■ EXERCISE DATA
↓↓↓
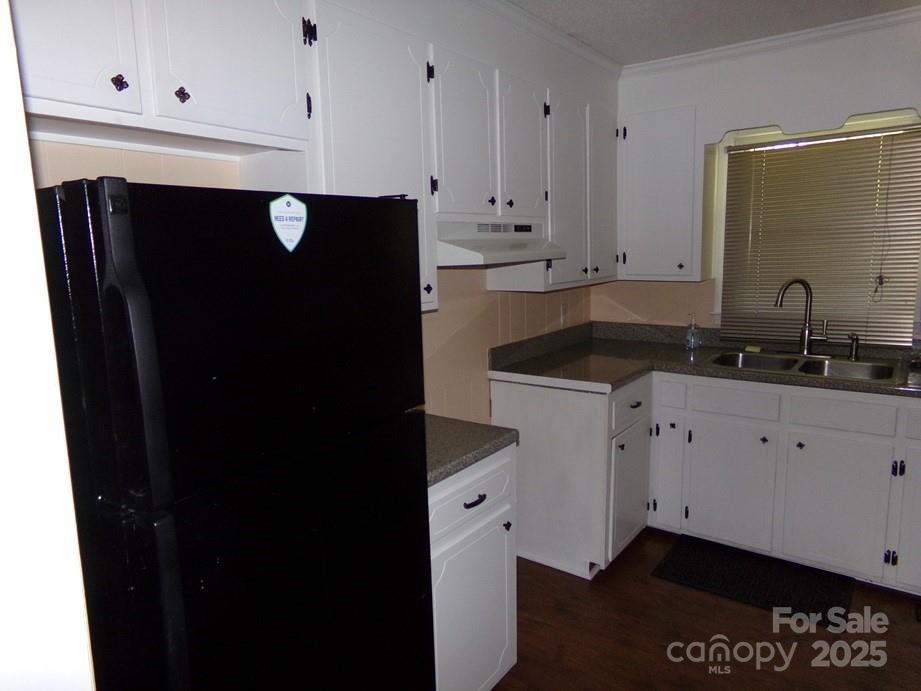 556 Roundtree Circle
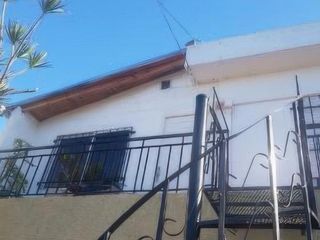 Foto 2 de Casa en venta - 4 dormitorios 4 baños  - Cochera - Quilmes Oeste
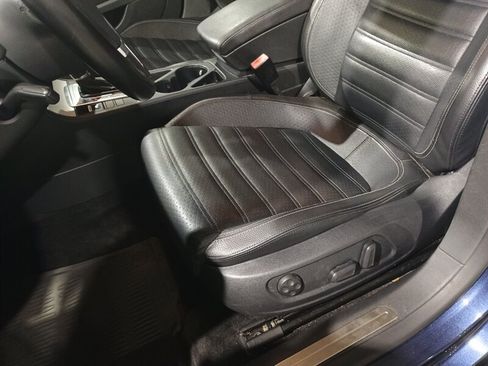 Used 2014 Volkswagen CC Sport FWD image 16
↑↑↑
■ ASSIGNMENT
The answer must consist solely of the lines from the line containing "Foto 2 de Casa" to the end of the data, reproduced exactly, with every picture left out.

■ EXPECTED ANSWER
 Foto 2 de Casa en venta - 4 dormitorios 4 baños  - Cochera - Quilmes Oeste
 Used 2014 Volkswagen CC Sport FWD image 16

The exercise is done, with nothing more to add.